Jaussi ha iniziato la sua avventura in Perù, il 20 maggio. Destinazione: la foce del Rio delle Amazzoni a Macapá. Ma prima di Manaus ha deciso di arrendersi. A scoraggiarlo definitivamente è stata la polizia di frontiera che, dopo averlo raggiunto sulla sua barca non ha usato mezzi termini: «Se prosegui probabilmente verrai ucciso». Jaussi ha scelto di sopravvivere, mettendo così un punto alla sua avventura.
Continuare è troppo pericoloso - Il viaggio - riporta 20 Minuten - serviva per raccogliere soldi a favore di un progetto di conservazione della natura in Perù. Per questo il giovane è partito a bordo del suo catamarano autoassemblato e all'inizio di luglio ha superato la soglia dei 1.000 chilometri di navigazione. In totale, avrebbero dovuto essere 5.000. Ma probabilmente non sarebbe arrivato vivo al traguardo. Così ha gettato la spugna. «È complicato trovare nascondigli, quindi il pericolo di essere scoperti da bande criminali è maggiore, specie di notte», afferma Jaussi. «In questo momento è difficile da accettare questa sconfitta. Probabilmente ci vorrà del tempo, ma in fondo credo che sia stata la decisione giusta».
Aree trasformate in campi di battaglia - L'organizzazione per i diritti umani Human Rights Watch (HRW) da anni avverte dei pericoli nell'Amazzonia brasiliana. La deforestazione delle foreste pluviali è in gran parte responsabilità delle reti criminali. «Chiunque si metta sulla loro strada sarà attaccato o intimidito. Il Governo, a sua volta, non protegge né gli attivisti, né la foresta pluviale».

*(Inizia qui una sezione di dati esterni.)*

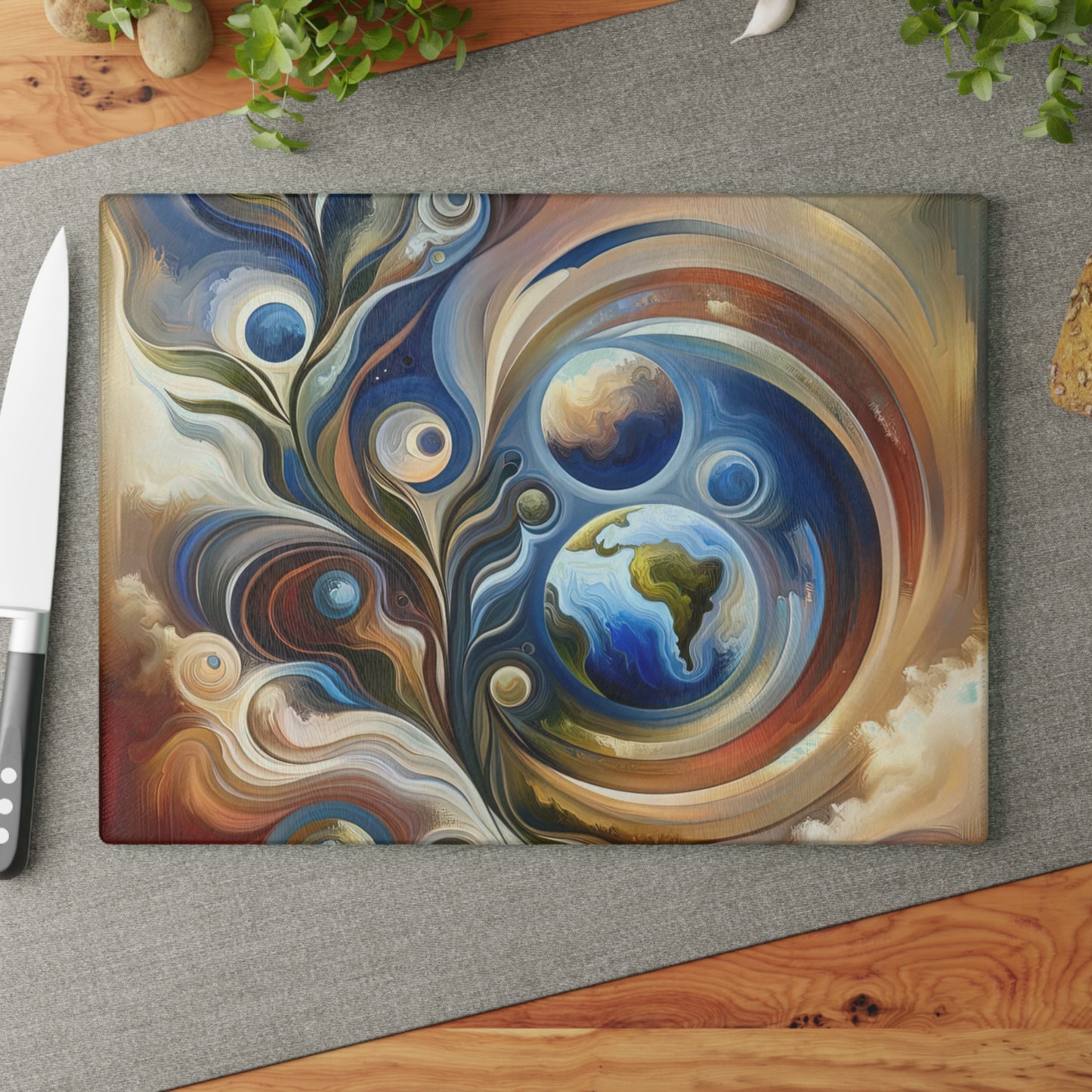 Esoteric Nurturing Gaia Glass Cutting Board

Le vittime includono non solo gli ecologisti, ma anche membri delle comunità indigene e altri residenti della foresta pluviale. Secondo HRW, i responsabili di atti di violenza vengono identificati di rado. Su oltre 300 omicidi documentati, solo 14 casi sono stati processati.
Su "Zeit", l'esperto d'Amazzonia Hugo Loss ha tracciato un quadro molto chiaro di questi criminali, dipingendoli come «aggressivi e convinti della loro potenza. Hanno trasformato alcuni santuari tribali in campi di battaglia e stanno letteralmente prendendo possesso di quel territorio».